DIRECTIONS FOR THIS TASK -> Only one stretch of the data below is wanted: the lines starting at the one with "Sokrates. Historischer Roman" and ending at the one with "贺州正规焊工证报名需要什么资料(贺州焊工证报考资料)", both included, given again exactly.

------ MATERIAL FOR THE TASK

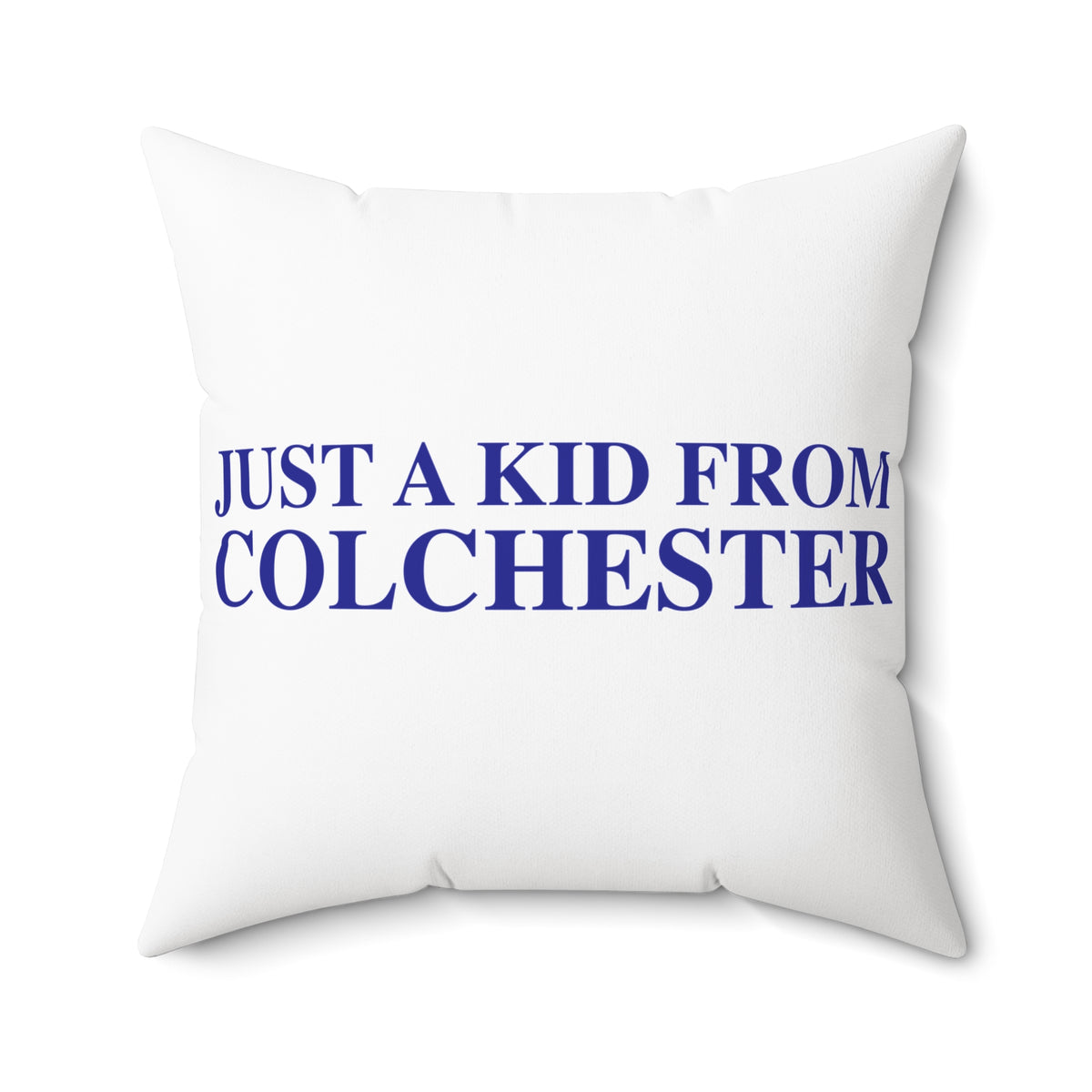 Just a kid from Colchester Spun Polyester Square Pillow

------------
------ MATERIAL FOR THE TASK

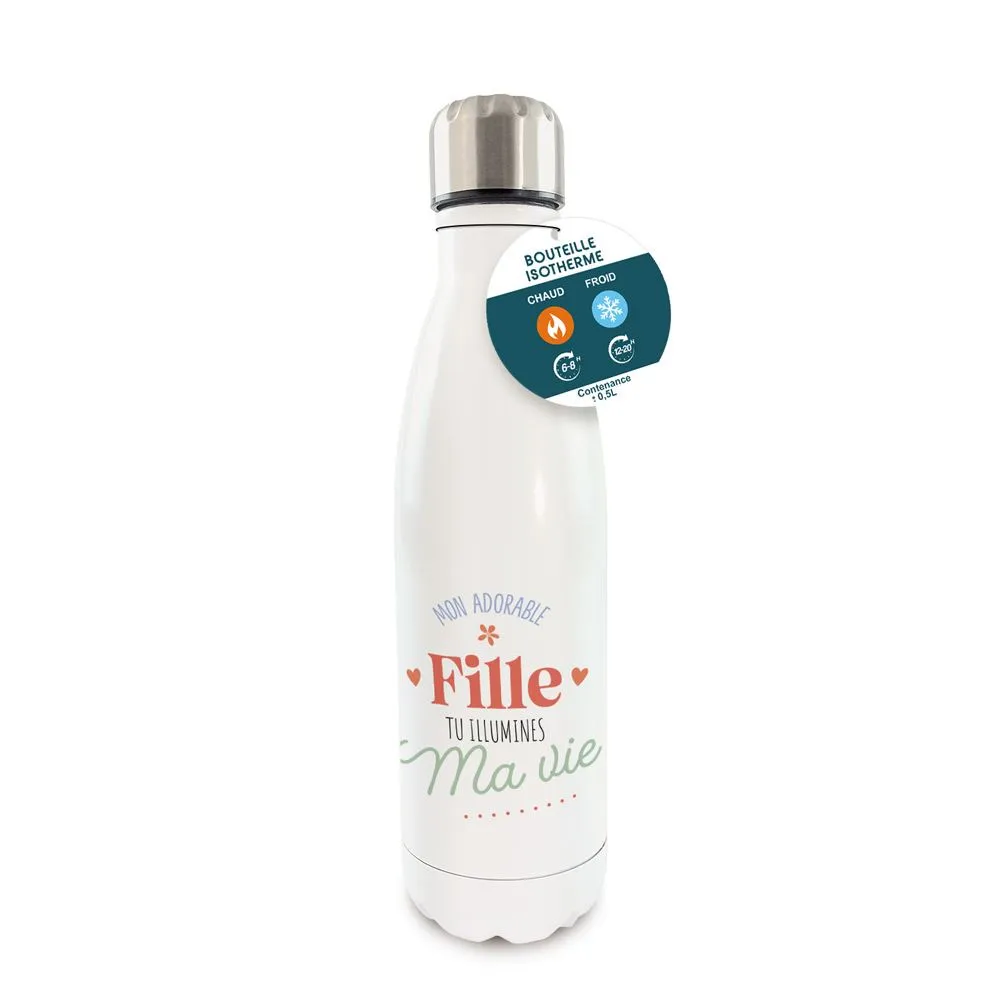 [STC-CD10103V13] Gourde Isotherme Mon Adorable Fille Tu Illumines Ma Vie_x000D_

------------
------ MATERIAL FOR THE TASK

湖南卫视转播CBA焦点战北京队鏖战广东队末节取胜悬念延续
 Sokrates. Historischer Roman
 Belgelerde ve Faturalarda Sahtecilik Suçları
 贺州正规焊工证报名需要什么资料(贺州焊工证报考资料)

------------

RESULT OF THIS EXERCISE ->
 Sokrates. Historischer Roman
 Belgelerde ve Faturalarda Sahtecilik Suçları
 贺州正规焊工证报名需要什么资料(贺州焊工证报考资料)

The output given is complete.